TRY IT:
Reproduce the whole listing below without its pictures, exactly as written.

AVAILABLE DATA:
■ ■ ■ ■ ■

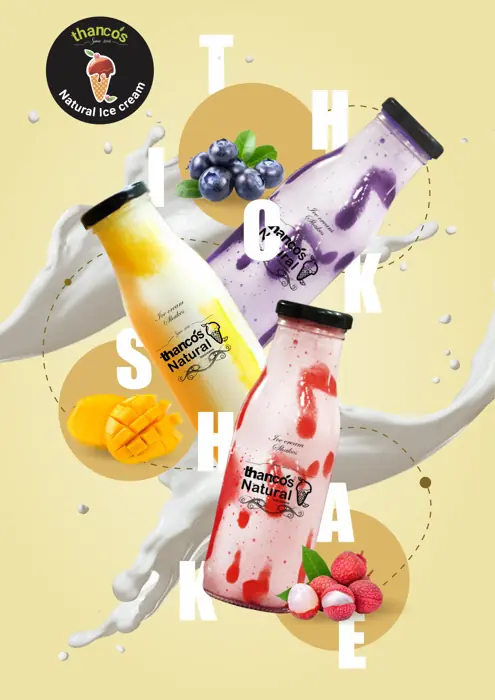 Thanco's thick shakes in bottles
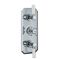 Milano Elizabeth - Traditional Concealed Thermostatic Triple Shower Valve - Chrome and White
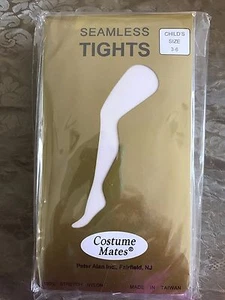 girls NEW NIP 3 to 6 year TIGHTS SEAMLESS DANCE EASTER HOLIDAY WEAR pale pink @@ - Picture 1 of 2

■ ■ ■ ■ ■

ANSWER SPACE:
 Thanco's thick shakes in bottles
 Milano Elizabeth - Traditional Concealed Thermostatic Triple Shower Valve - Chrome and White
 girls NEW NIP 3 to 6 year TIGHTS SEAMLESS DANCE EASTER HOLIDAY WEAR pale pink @@ - Picture 1 of 2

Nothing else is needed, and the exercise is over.